Forensics experts needed a full day to determine the death toll after the truck was found on Thursday. It appeared that the truck had been abandoned for at least a day.

The dead include 59 men, eight women and four children, one of them an infant. At least one Syrian identity card was found among the victims, according to the Austrian newspaper Die Presse.

"We must assume now that these are refugees," local police chief Hans Peter Doskozil said during a news conference. "It is possible this is a Syrian refugee group."

Investigators believe the victims died after suffocating and their decomposing bodies are thought to have been in the back of the refrigerated truck, which had not ventilation, for one or two days.

Doskozil told reporters that one of the Bulgarians arrested is assumed to be the owner of the van and that it is "highly likely" the other two are "the ones who drove the vehicle."

He said there was "an indication we are talking about a Bulgarian-Hungarian human trafficking operation."
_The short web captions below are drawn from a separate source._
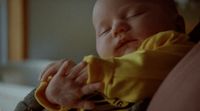 a close up of a person holding a baby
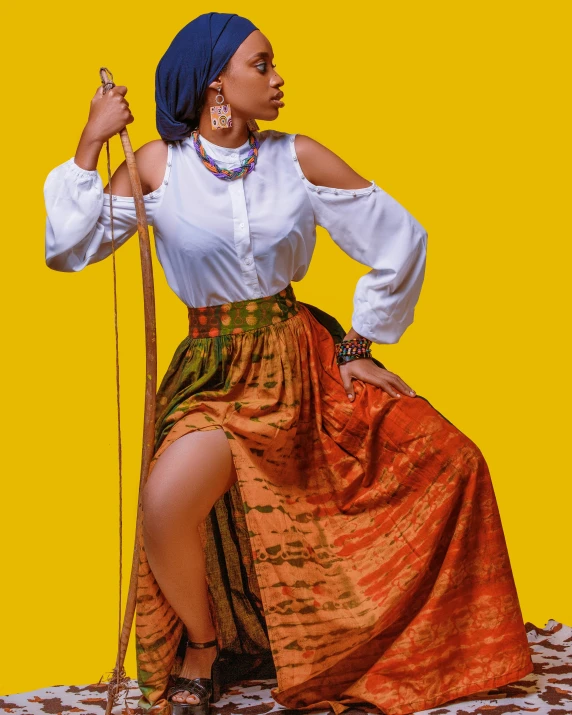 a woman is posing in front of a bright yellow backdrop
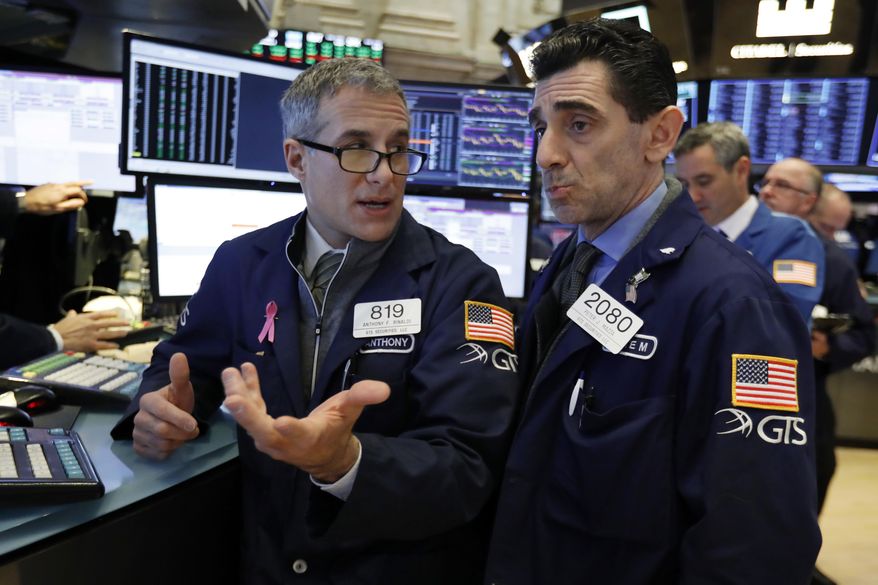 FILE- In this Jan. 4, 2019, file photo specialists Anthony Rinaldi, left, and Peter Mazza confer as they work on the floor of the New York Stock Exchange. The U.S. stock market opens at 9:30 a.m. EST on Friday, Jan. 11. (AP Photo/Richard Drew, FIle)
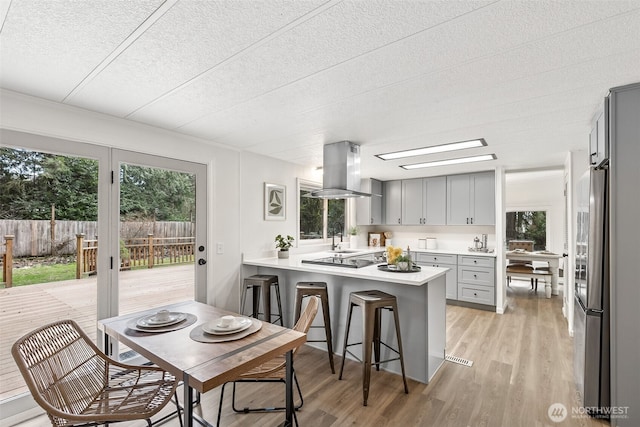 kitchen featuring light wood-type flooring, gray cabinets, island exhaust hood, a peninsula, and light countertops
"If you look at the organization of people traffickers, these are the lowest two levels of a criminal organization," he added.

The dead were thought to be migrants seeking refuge in the European Union, which is struggling to cope with the tens of thousands of people seeking to start a new life in the region as they flee war, persecution and economic hardship, mainly in the Middle East and Africa. Many are undertaking dangerous journeys by crossing unsecured borders in the Western Balkans.
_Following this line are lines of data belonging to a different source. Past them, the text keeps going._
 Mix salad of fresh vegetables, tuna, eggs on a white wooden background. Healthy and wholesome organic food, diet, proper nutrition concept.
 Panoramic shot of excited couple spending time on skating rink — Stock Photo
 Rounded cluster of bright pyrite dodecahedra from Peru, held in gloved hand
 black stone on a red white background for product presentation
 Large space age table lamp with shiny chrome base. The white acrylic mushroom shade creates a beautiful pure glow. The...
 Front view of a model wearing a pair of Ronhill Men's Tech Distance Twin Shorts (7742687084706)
The ringleaders of the people smuggling are believed to be in Romania and Bulgaria, according to the Austrian newspaper Kronen Zeitung.

In a separate incident, Libyan officials were collecting bodies of migrants who drowned off the coast Friday, with some 200 feared dead after rescue operations were carried out a day earlier on two boats carrying some 500 people.

The United Nations estimates that about 2,400 people have died this year trying to cross the Mediterranean to Europe from North Africa. Already, 300,000 people have crossed in 2015, often in vessels that are not seaworthy and in squalid conditions. In 2014, 219,000 migrants made the journey across that body of water.

In Greece, the country's coast guard said it had rescued over 1,600 migrants in the past three days, Reuters reported.

The discovery in Austria came as European leaders including German Chancellor Angela Merkel met in Vienna this week to discuss how to respond to the crisis that has become the EU's most pressing concern.

"This is a warning to us to tackle this migrants issue quickly and in a European spirit, which means in a spirit of solidarity, and to find solutions," Merkel said Thursday, speaking from Vienna. She said she was "shaken" by the news from Austria.

German authorities meanwhile canceled a welcoming ceremony Friday for refugees in the east German town of Heidenau amid fears of violence from far-right protesters.

Germany accounts for about 40% of all asylum-seeker applications in the EU. It also takes in far more refugees than any other EU member state.

Opinion polls show the majority of Germans favor helping these new arrivals but there have also been sporadic anti-migrant protests and threats of violence from extremists.

Merkel was heckled by far-right protesters when she visited a refugee center in Heidenau on Wednesday.